On Wall Street, they have sayings. One of them is that they “eat what they kill.”

They mean this in a good way — that they earn their money by making the right bets or by landing the big clients. That money is theirs: They went and got it.

Of course, one could see it in another way: All the businesses, Private Equity, for example, has destroyed, buy buying them, paying themselves, loading the businesses up with the debt, and then letting them go under.

They earned that money by killing. ToysRUs for example, which was making a profit until they loaded it up with debt to pay for their takeover and the bonuses they gave themselves.

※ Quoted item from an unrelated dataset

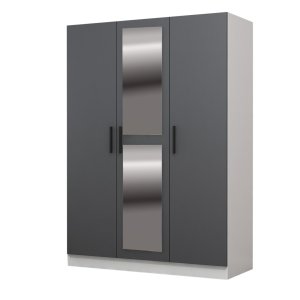 FUNZI LIVING 2263 garderobeskab, spejl, 3 lger, 1 bjlestang, 2 skuffer, hylder - antracitgr/hvid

Or, say, causing the 2008 financial crisis, which had a bill that has to be at least 100 trillion and involved millions of people losing their jobs, homes, livelihoods, and in many cases, lives.

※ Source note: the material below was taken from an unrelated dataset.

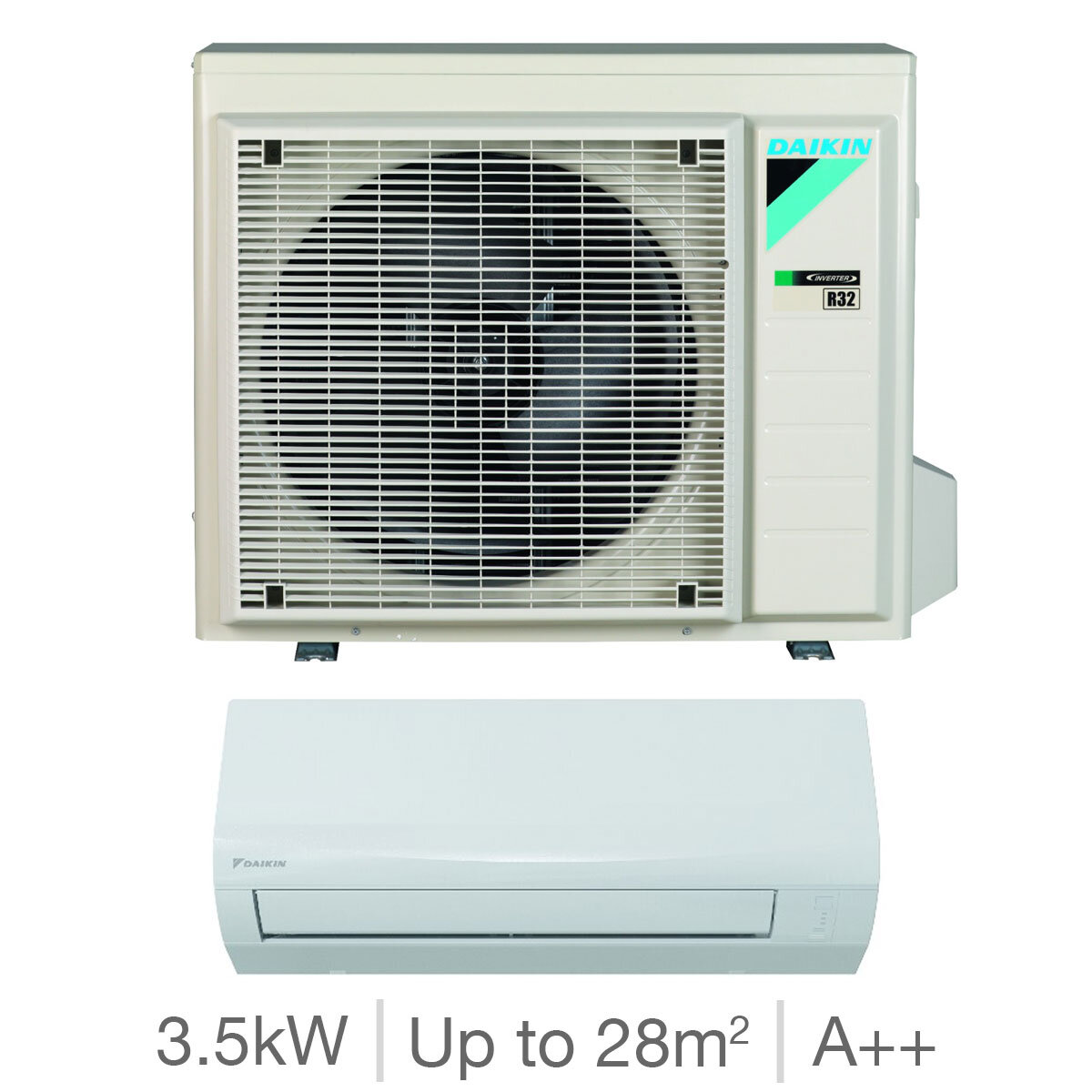 Installed Daikin Sensira 3.5kW Single Split Air Conditioning Unit for Commercial Use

Finance, that is to say, demonstrably does more damage to everyone else than it does good, but it pays very very well, especially now that they own every government, so central banks are willing to print trillions of dollars to socialize their losses, while letting them keep the money they stole.

They don’t even actually win bets: If, in 2008, they had taken their losses, they would have all gone out of business.

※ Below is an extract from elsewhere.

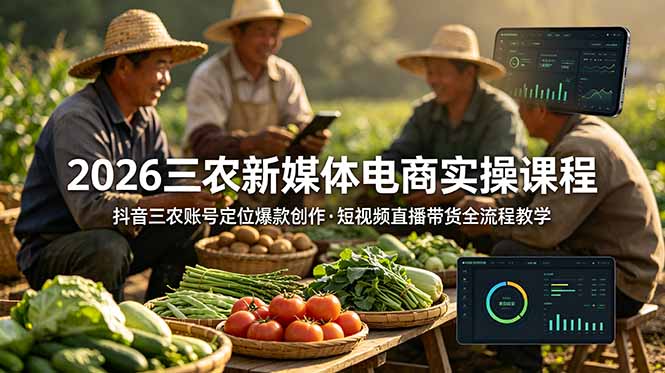 (18991期)2026三农新媒体电商实操课程:抖音三农账号定位爆款创作,短视频直播带货全流程教学网创吧-网创项目资源站-副业项目-创业项目-搞钱项目网创吧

It’s just a scam; a matter of brute force. They can print money and borrow money at rates ordinary people will never see and government makes sure they never take real losses and that markets go up no matter what is happening to the economy.

Then, there are the studies that show that the more money someone has, the worse their behaviour — the more sociopathic and less generous. Poorer people give more to charity as a percentage of income or wealth than rich people, which makes sense, as most rich people are rich because they care about money more than anything else.

The simple fact is that people like nurses, teachers, janitors, garbage pick up, farm workers, and factory floor workers are who create most value. On the intellectual and creative side, the designers, engineers, scientists, and other creators are the ones who create value, not the suits. In fact, suits often reduce value: It isn’t engineers and designers who wanted planned obsolesence (19th century engineers fought it bitterly) or to remove the right to repair.

Most financiers don’t even finance creation any more; they finance destruction. Most managers are, at best, a wash, any random person would do about as well and maybe better (management literature shows this clearly, it isn’t in dispute). As for CEOs, higher compensation correlates to worse performance, and during the 40s through the 70s, before the massive rise in CEO compensation, had far more growth than our era. CEOs eat what they kill, is all. They control who gets paid what, so they pay themselves the most. It has nothing to do with merit, except if merit means “you deserve whatever you get.”

“You deserve whatever you get.”

That’s really what we mean by merit, today, isn’t it?

Not, “you contributed to society,” or even, often enough, “you contributed to your organization,” but “whatever you have the power to seize, at whatever cost to anyone else, is what you deserve.”

It’s not even about “whatever you can get legally.” Wall Street’s entire 2000s run was based on extensive fraud, they then, with the help of Obama, stole millions of houses using fradulently signed statements. Wall Street currently makes huge amounts of money by front-running investors, simply paying to get faster access and information.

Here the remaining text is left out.